2.1. Identification of Functionally Active Genes of A. thaliana Root

Various studies related to RNA-seq analysis were selected by a literature search to identify genes expressed in the root of A. thaliana. Other genes were retrieved by exploiting the functional annotation by GO terms as reported in the TAIR database. This led to a comprehensive list of 11,897 functionally active genes in A. thaliana root (Figure 1), of which only 3502 (29.44% of the total) were present in two or more datasets.

2.2. Co-Expression Network of A. thaliana Root

The application of WGCNA was performed to group the functionally active genes of A. thaliana in the root according to their expression pattern and to identify modules. Specifically, the raw counts of the reads of the 11,897 genes of A. thaliana considered as functionally active in the root were generated from RNA-seq data and submitted to WGCNA. Prior to the module identification and analysis, all parameters of WGCNA were screened. Specifically, a soft threshold power of β equal to 18 was set to calculate the adjacency matrix on a scale-free topology with R2 = 0.91 (Figure 2).
The adjacency matrix was first converted into TOM and then into 1-TOM to group genes in modules according to their expression pattern. Modules were identified by using a clustering height cutoff of 0.25 and merging groups of genes with similar expression patterns and of a minimum size of 30 (Figure 3A). A total of 11,897 genes were grouped according to WGCNA into 20 modules (Figure 3B) with a module size ranging from 30 to 3781 genes. The module eigengenes (MEs), used as representatives of the module’s gene expression patterns, were studied to identify the existence of modules with similar expression patterns. Specifically, four clusters emerged. The first cluster comprised MElightpink4, MEcoral1, and MEnavajowhite2. The second cluster comprised MEdarkorange2, MElightblue4, MEindianred1, MEdeeppink1, and MEorange4. The third cluster comprised MEblue3, MEroyalblue3, MEthistle2, MEantiquehwite1, MEbrown4, and MEpalevioletred1. The fourth cluster comprised MEantiquewhite2, MEcoral, MEfirebrick3, MEtan3, MEdarkseagreen1, and MEmediumpurple4.

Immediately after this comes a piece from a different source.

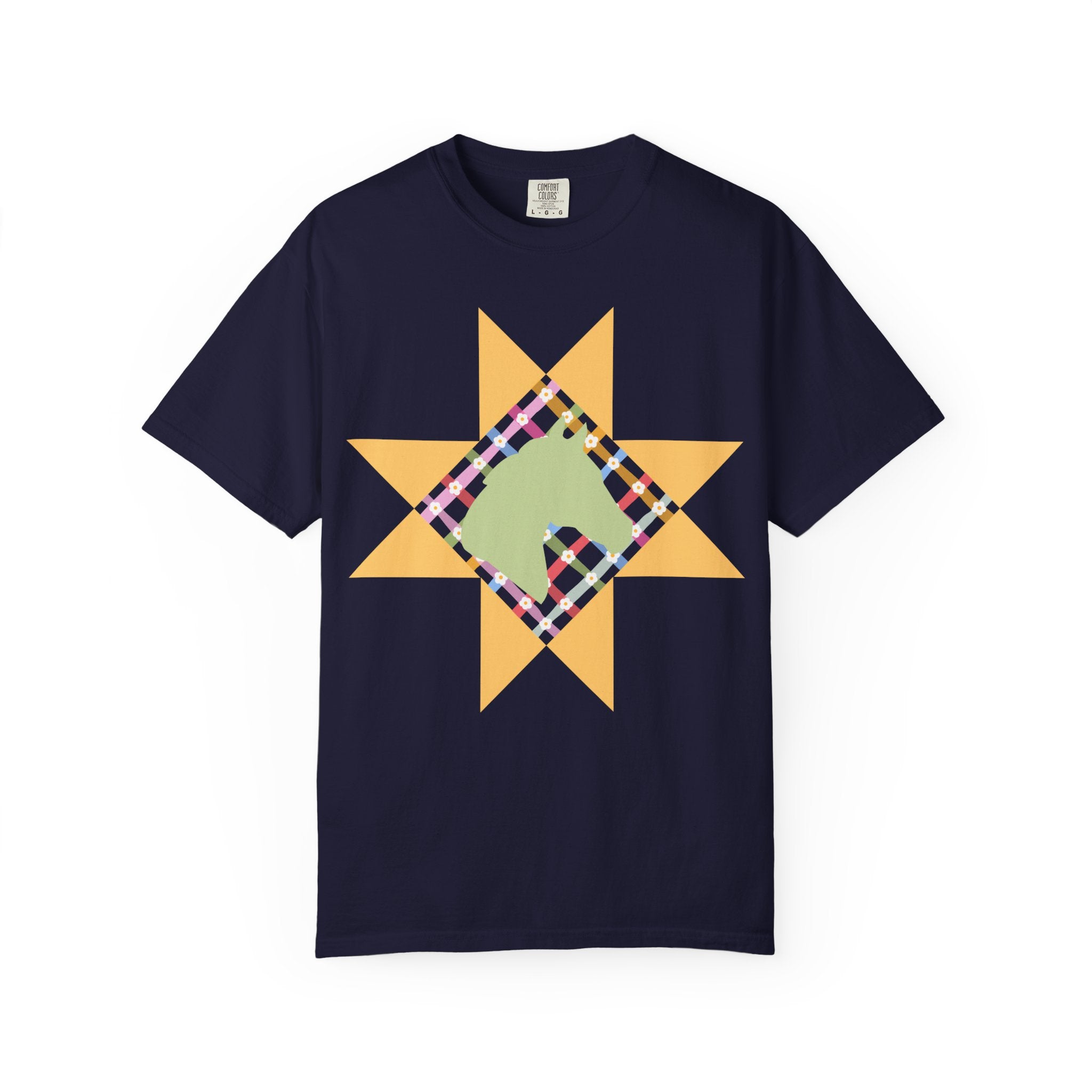 Starburst Quilt Horse Tee — Floral Patchwork Graphic T-Shirt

2.3. Identification of Modules Associated with Cadmium in A. thaliana and A. halleri

Module eigengenes (MEs), representative of the expression pattern of each group of co-expressed genes (module), were used to identify modules with the most significant variation of the expression pattern between treatment (Cd stress) and the control. This approach was applied both to A. thaliana root modules and also to the A. halleri root modules identified by Hassan and colleagues [12]. The results of this analysis allowed the selection of the lightblue4 module (corr = 0.87; p-value = 0.023) and the antiquewhite1 module (corr = −0.88; p-value = 0.01789) for A. thaliana root and of the brown module (corr = 0.938; p-value = 1.3 × 10−11) and the plum1 module (corr = −0.924; p-value = 1.33 × 10−10) for A. halleri (Figure 4). Thus, these modules were deemed as being significantly associated with Cd stress.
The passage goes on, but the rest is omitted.